Instructions for the task> Without the images, repeat every line of the listing exactly.

Collected material>
++++++++++

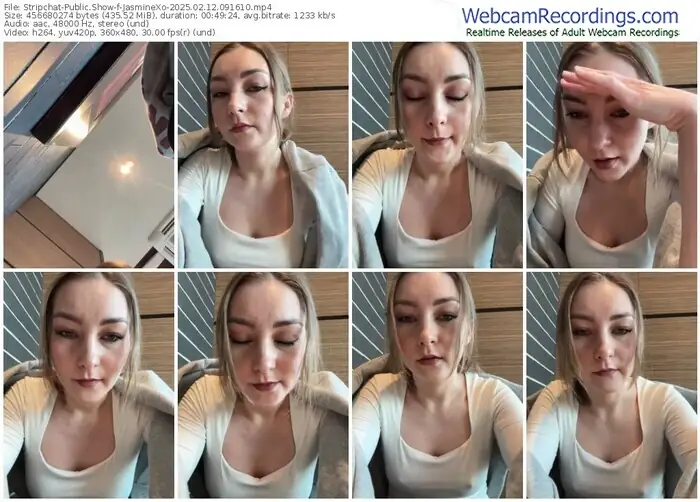 2025/02/12/stripchat-jasminexo-09-16-10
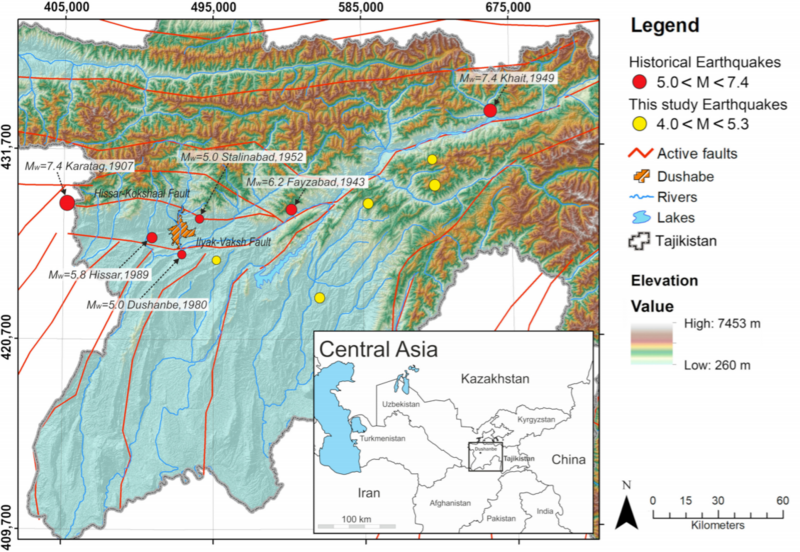 File:Dushanbe seismic map.png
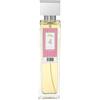 Iap Pharma 4 Profumo Donna Fragranza Floreale 150ml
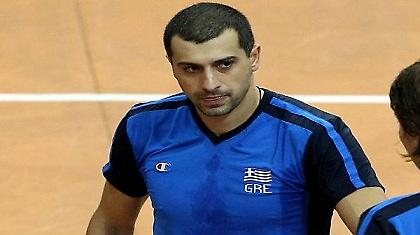 Προχωρά σε προσφυγές ο Χριστοφιδέλης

++++++++++

Response>
 2025/02/12/stripchat-jasminexo-09-16-10
 File:Dushanbe seismic map.png
 Iap Pharma 4 Profumo Donna Fragranza Floreale 150ml
 Προχωρά σε προσφυγές ο Χριστοφιδέλης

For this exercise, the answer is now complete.